Neural Geometric Level of Detail

Similar to KiloNeRF, Neural Geometric Level of Detail (NGLOD) also speeds up inference by using smaller MLPs to represent the scene. However, NGLOD does not employ MLPs that are only responsible for a particular region of the scene. Rather, each of their MLPs is responsible for the whole scene. To reduce the required parameter count of their MLPs they condition on local features, that are tri-linearly interpolated before being fed into the MLP. To be able to compactly store the scene their representation supports multiple levels of detail (LODs), where the higher LODs are only defined for geometrically complex regions. Each LOD is represented by a separate MLP. Their approach enables real-time rendering and leads to high compression ratios. However, NGLOD is trained from 3D supervision and only encodes geometry, while in the NVS setting only multi-view supervision is available and both geometry and view-dependent color needs to be encoded. It would be interesting to adapt NGLOD for this more difficult setting and see how it compares to KiloNeRF.

Light Field Networks

In NeRF, to render each pixel a ray is cast through that pixel and the representation has to be evaluated for many query locations along the ray. Light Field Networks (LFN) and Neural 4D Light Fields do away with this requirement for multiple samples along the ray by directly learning the mapping from ray origin and ray direction to the pixel’s RGB value.

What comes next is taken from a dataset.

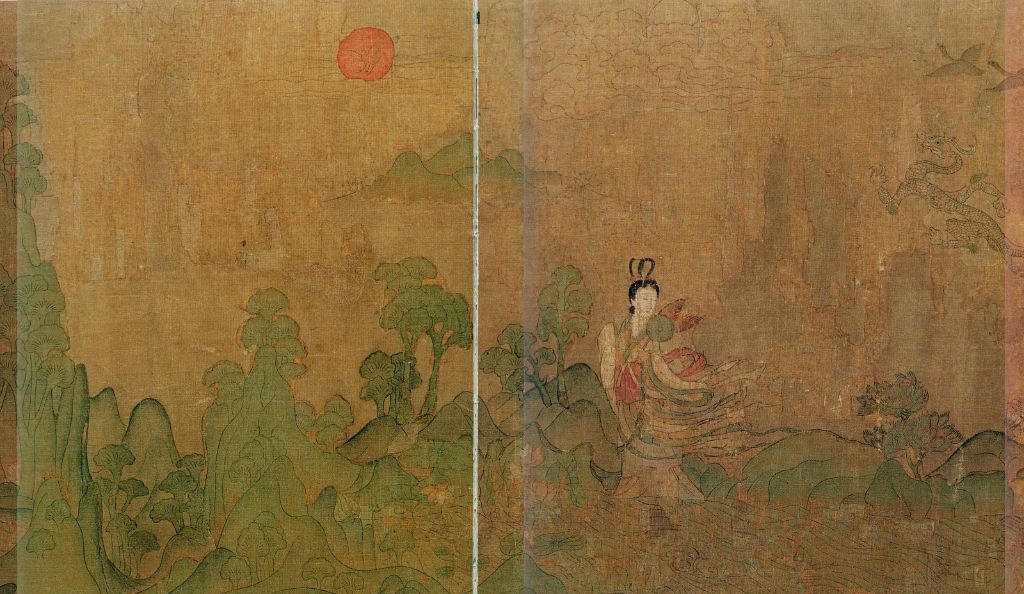 山水画祖顾恺之《洛神赋图》,每一个局部都美了1600多年_新浪新闻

This does not impose the same inductive biases as the volumetric rendering employed by NeRF and therefore some additional learned or handcrafted priors are necessary. The network is only evaluated once per pixel and therefore rendering is greatly sped up. Since the scene is represented by a single MLP the storage requirements are as low or even lower than NeRF’s. However, these approaches assume that the color along each ray is constant, which limits generality.

Outlook

There is some promising progress in adopting neural coordinate-based representations for real-time applications. An interesting avenue for future work is to scale these approaches to larger scenes.